Records excerpted from a collection:
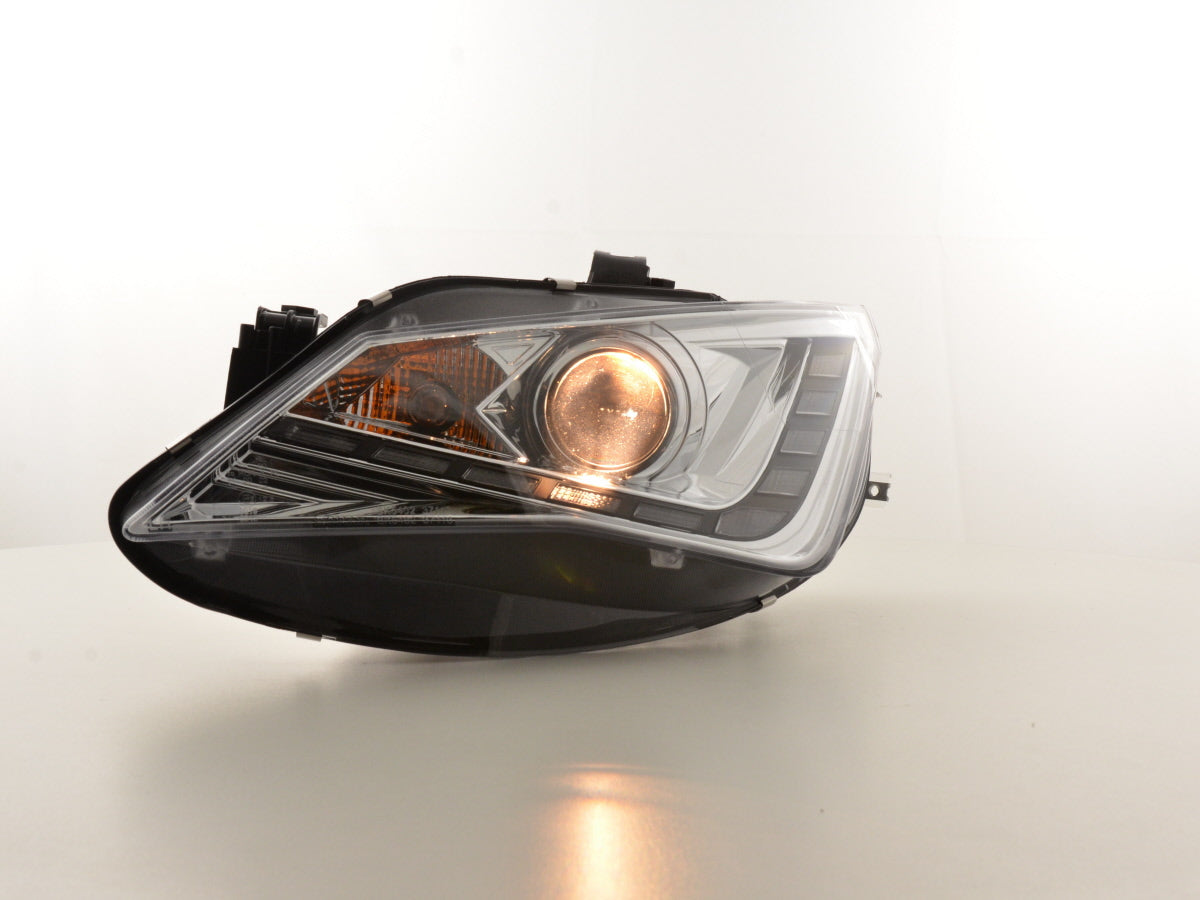 Headlight set Daylight LED TFL-optic Seat Ibiza 6J from 2012 chrome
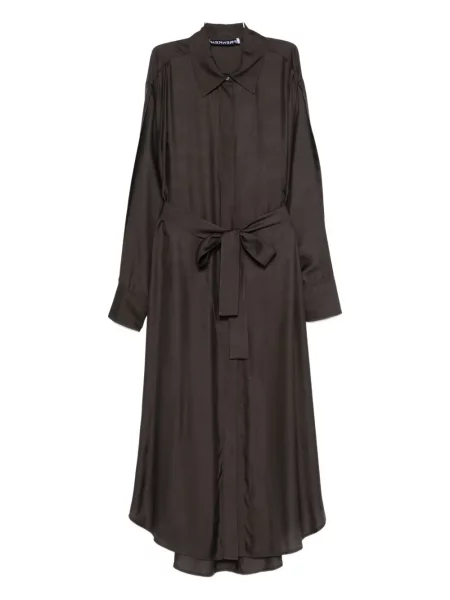 Костюм рокля тип риза Frenken кафяво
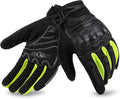 IRON JIA'S Motorcycle Gloves for Men and Women - Motorbike Powersports Racing Gloves with Hard Knuckle Touchscreen for BMX ATV MTB Riding (Green M)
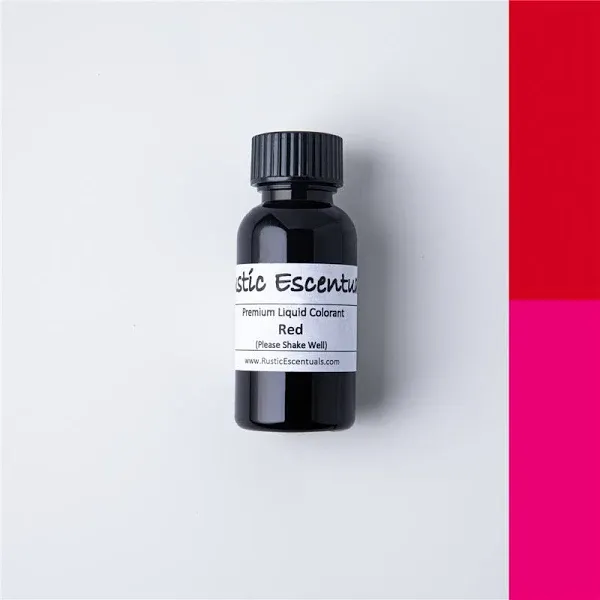 Red Premium Liquid Colorant Candle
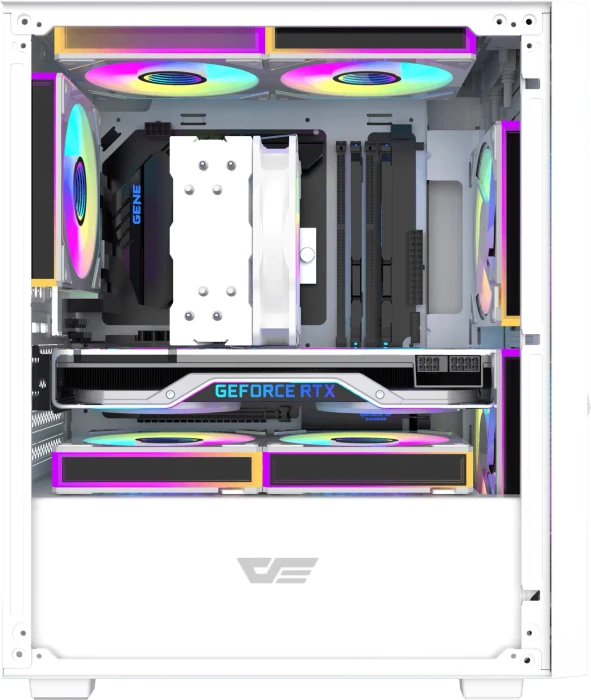 DarkFlash M305 White, Glasfenster
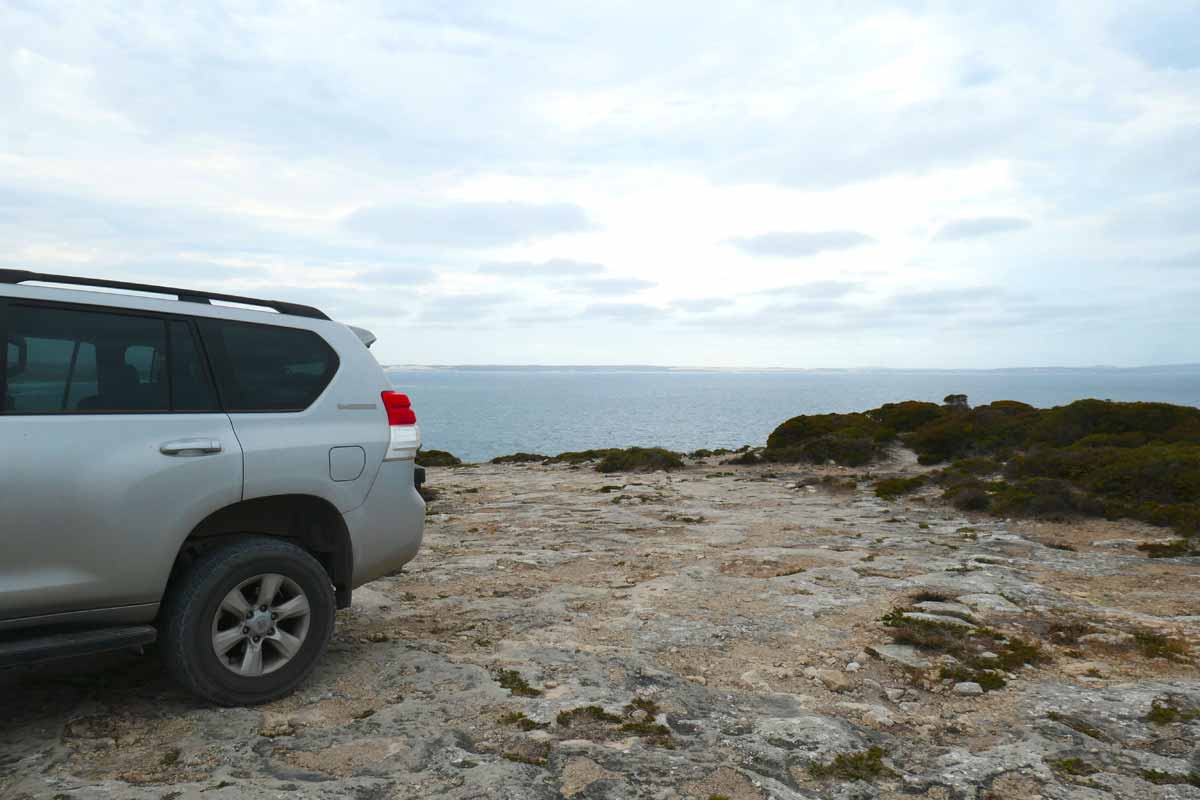 Really rocky parking areas for the sights, some worse than others. Located in Whaler's Way Sanctuary, Eyre Peninsula, South Australia.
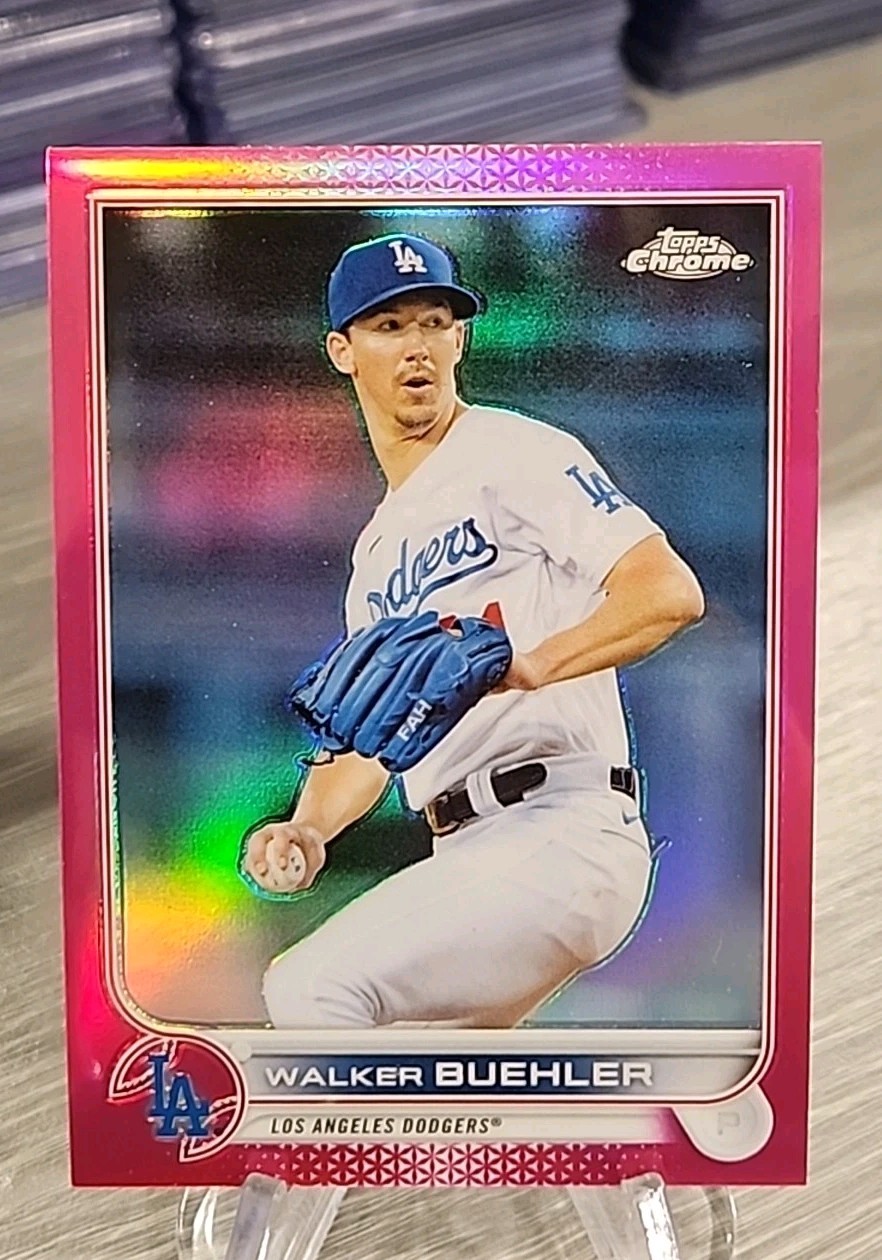 Walker Buehler 2022 Topps Chrome Magenta Refractor /399 #123 Dodgers/Red Sox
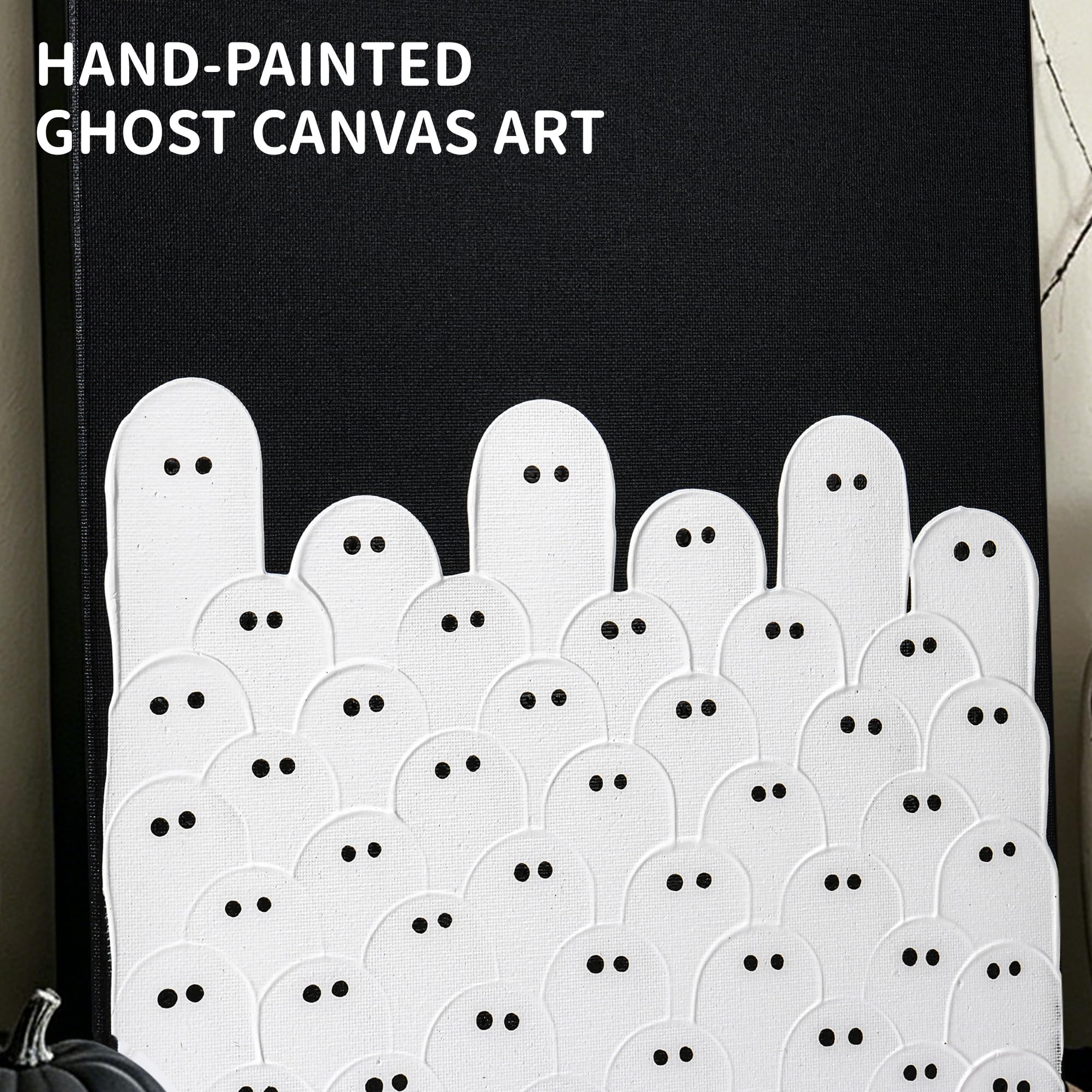 Close-up of Kindlivery Halloween Ghost Wall Art showing details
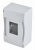 Корпус навесн. 1 ряд 4 мод. пластик серый 139x90x62мм IP40 c DIN-рейкой HEGEL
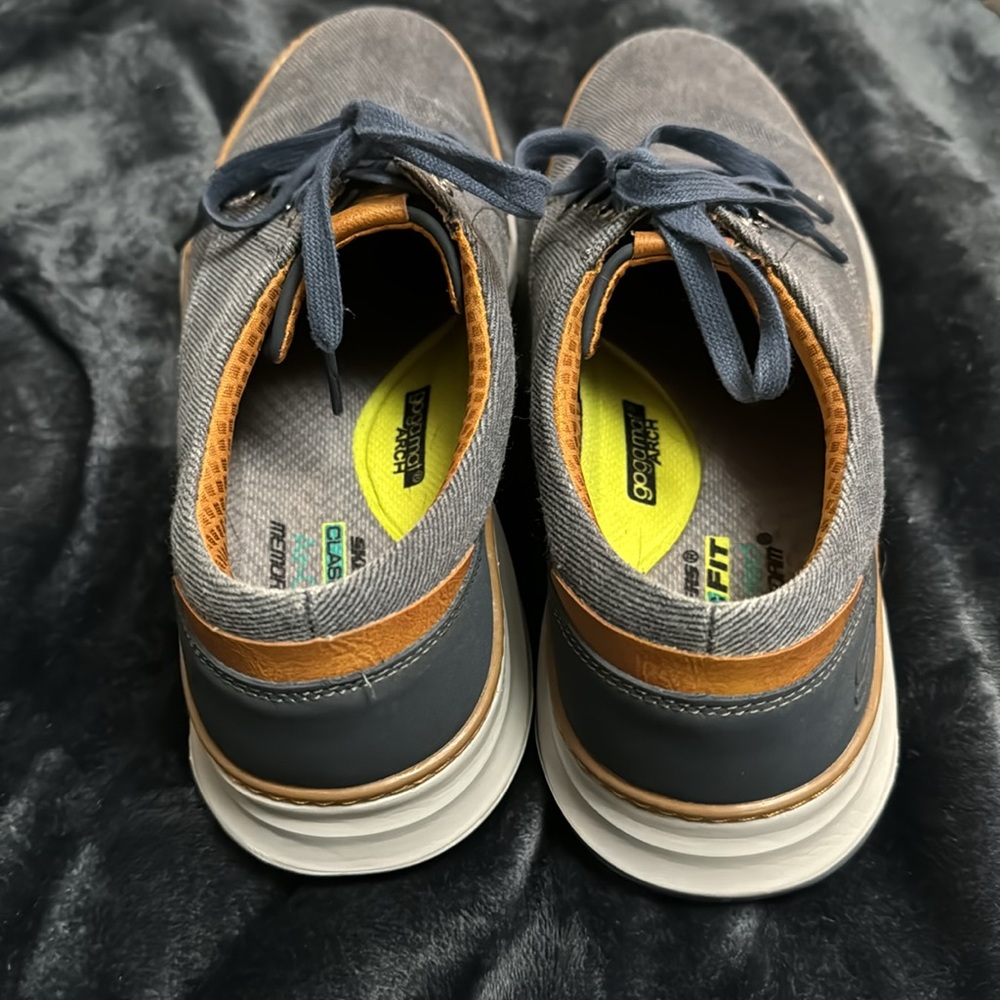 Skechers Navy/Denim Shoes - Picture 3 of 6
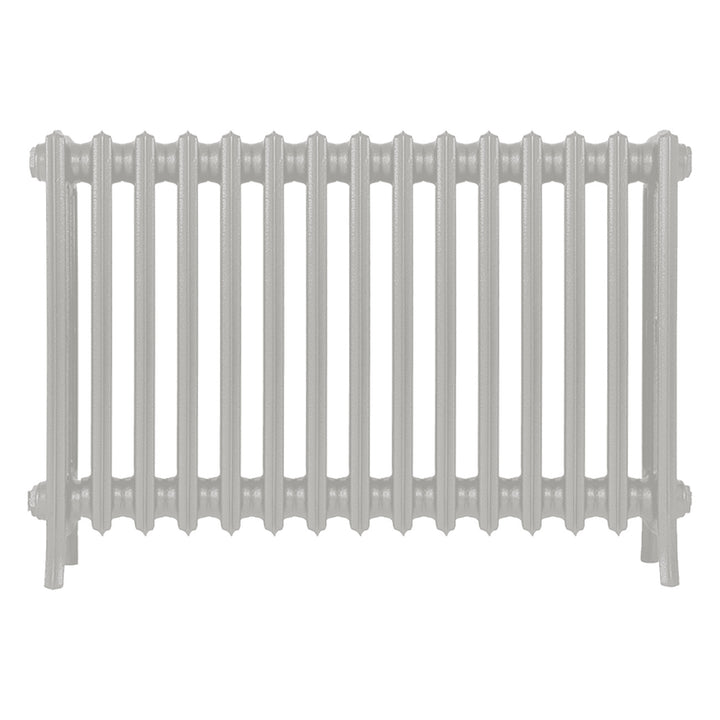 Grace - Pebble Grey Cast Iron Column Radiator H600mm x W938mm 4 Column - Wall Hung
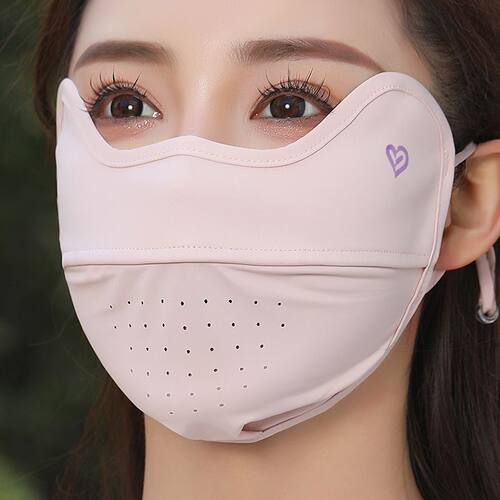 夏季口罩女防晒护眼角防紫外线薄款2026新款遮阳面罩冰丝透气加大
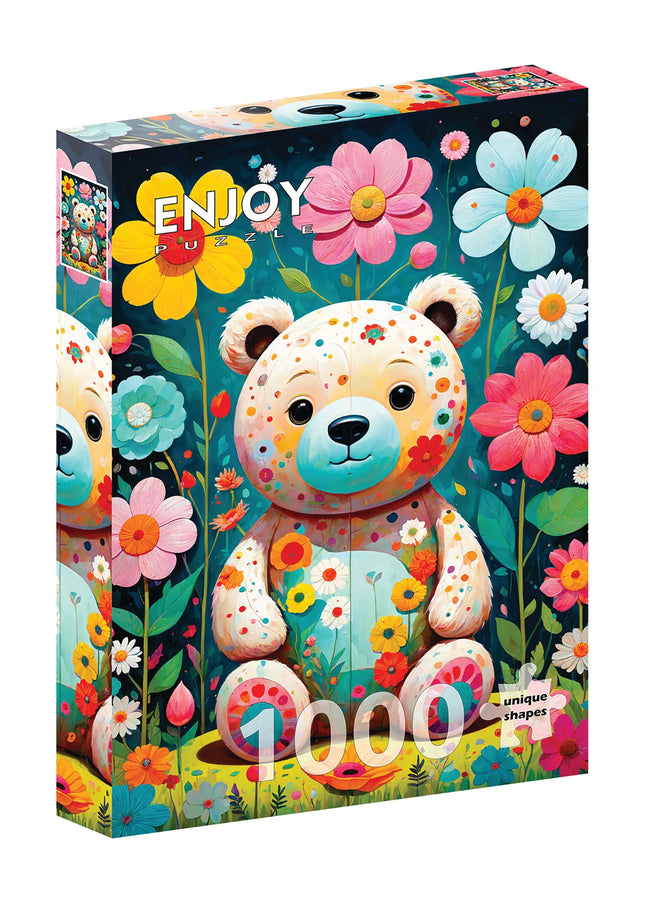 C-T Enjoy Flower Teddy Bear | 1000 Piece | AI Assistance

▶ Task to complete:
Leave every picture out. Retype the remaining data exactly.

▶ Expected answer:
 Headlight set Daylight LED TFL-optic Seat Ibiza 6J from 2012 chrome
 Костюм рокля тип риза Frenken кафяво
 IRON JIA'S Motorcycle Gloves for Men and Women - Motorbike Powersports Racing Gloves with Hard Knuckle Touchscreen for BMX ATV MTB Riding (Green M)
 Red Premium Liquid Colorant Candle
 DarkFlash M305 White, Glasfenster
 Really rocky parking areas for the sights, some worse than others. Located in Whaler's Way Sanctuary, Eyre Peninsula, South Australia.
 Walker Buehler 2022 Topps Chrome Magenta Refractor /399 #123 Dodgers/Red Sox
 Close-up of Kindlivery Halloween Ghost Wall Art showing details
 Корпус навесн. 1 ряд 4 мод. пластик серый 139x90x62мм IP40 c DIN-рейкой HEGEL
 Skechers Navy/Denim Shoes - Picture 3 of 6
 Grace - Pebble Grey Cast Iron Column Radiator H600mm x W938mm 4 Column - Wall Hung
 夏季口罩女防晒护眼角防紫外线薄款2026新款遮阳面罩冰丝透气加大
 C-T Enjoy Flower Teddy Bear | 1000 Piece | AI Assistance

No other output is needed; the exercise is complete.